72. Askellia W. A. Weber, Phytologia. 55: 6. 1984.
假苦菜属 jia ku cai shu
Authors: Zhu Shi & Norbert Kilian
Crepis sect. Ixeridopsis Babcock, Univ. Calif. Publ. Bot. 22: 212. 1947.
Herbs, perennial, usually rather delicate, with a slender taproot and often with shoot-bearing lateral roots. Stems rather low, slender, often branched from base. Leaves in basal rosette or along stem, usually small, with orbicular to obovate and spatulate blade attenuate into a long petiole-like base, glabrous. Synflorescence mostly with rather few capitula. Capitula erect, with 5-15 florets. Involucre narrowly cylindric. Phyllaries in few series, glabrous [or setulose or arachnoid hairy]; outer phyllaries usually less than 1/4, rarely to 1/3, as long as inner ones; inner phyllaries linear-lanceolate, equal. Receptacle naked. Florets yellow or more rarely pale purplish red. Achene usually pale brown, slenderly cylindric to slenderly fusiform, with 10 thin equal ribs, apically truncate, attenuate, or shortly beaked. Pappus white, of scabrid bristles, usually caducous or persistent.
About 11 species: C, NE, and SW Asia, North America; six species (one endemic) in China.
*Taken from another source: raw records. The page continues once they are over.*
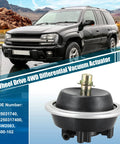 4WD front differential vacuum actuator, close-up view, black plastic housing with metal shaft, automotive part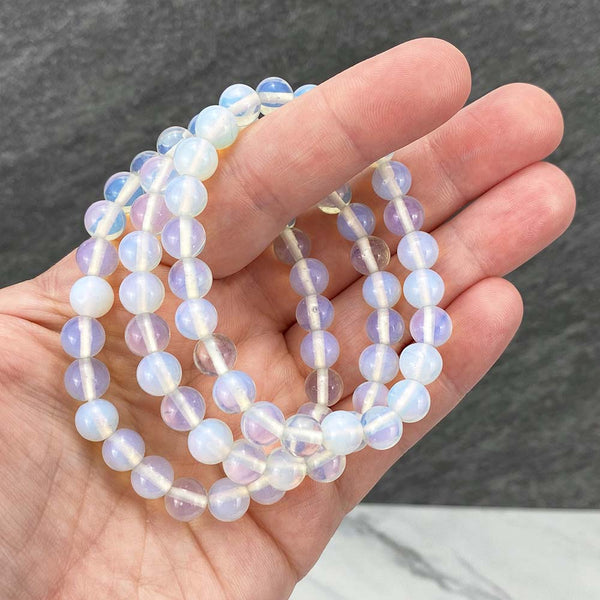 Polished Opalite Glass Beaded Stretch Bracelet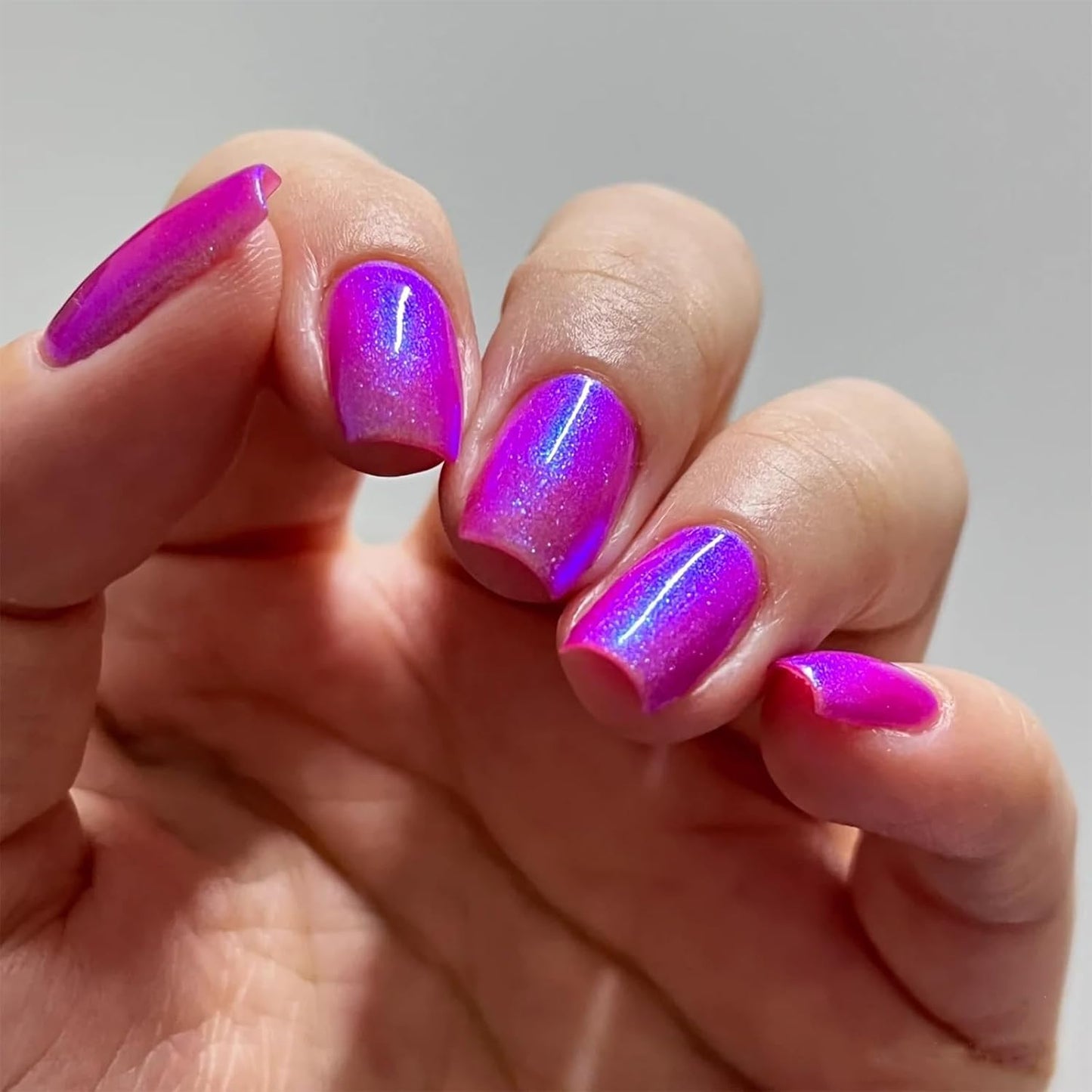 Hot Pink Nail Polish, Quick Dry Nail Lacquer, Deep Neon Pink Blue Shimmer Glitter Nail Polish, Chip-Resistant & Longwear Formula, High Shine Finish,Salon-Quality for Women 0.41 fl oz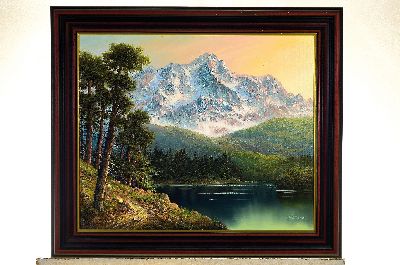 26930695k - Manfred Herzog, geb. 1949 Ludwigshafen am Rhein, Blick auf die Zugspitze, Öl/Lwd, ...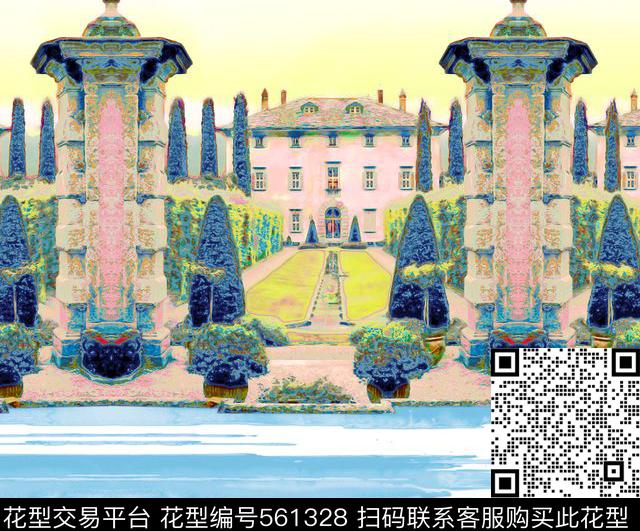建筑宫廷风景数码印花华亿平台下载（图片编号: 561328） - 瓦栏（Walan）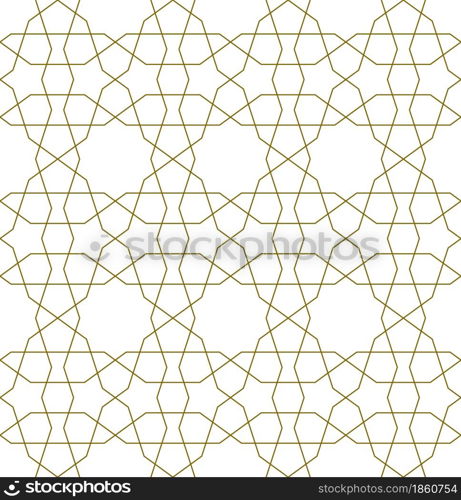 Seamless geometric ornament based on traditional islamic art.Brown color lines.Great design for fabric,textile,cover,wrapping paper,background.Thin lines.. Seamless arabic geometric ornament in brown color.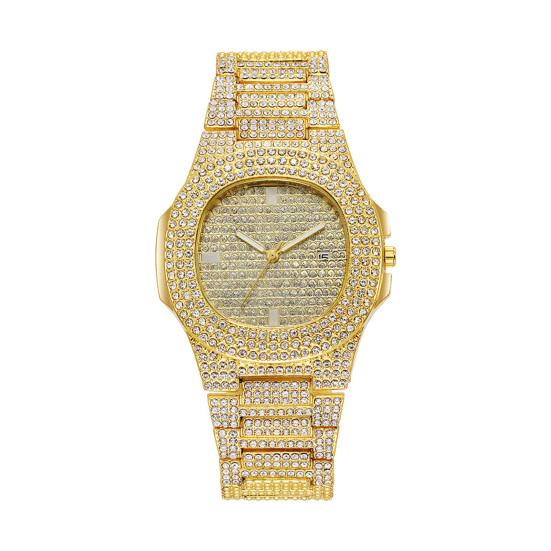 Quarzuhr mit voll besetztem Diamantlünetten- und Zifferblatt-Design, hochpräzise, funkelnd, trendiger Hip-Hop-Stil, für den täglichen Gebrauch und Partys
Treatment of Askellia (with a basic chromosome number of x = 7) as a separate genus instead of as a section of Crepis (C. sect. Ixeridopsis) has been corroborated recently both by Sennikov and I. D. Illarionova (Komarovia 5: 57-115. 2008), based, in particular, on carpological investigations, and Enke and Gemeinholzer (Taxon 57: 756-758. 2008), based on molecular phylogenetic analyses, yet with uncertain systematic position. More recently, J. W. Zhang et al. (in prep.) revealed in their molecular phylogenetic analyses of subtribe Crepidinae that Askellia is part of a well-supported clade including Ixeridium, Ixeris, and Taraxacum and sister to a subclade including Ixeris and Ixeridium.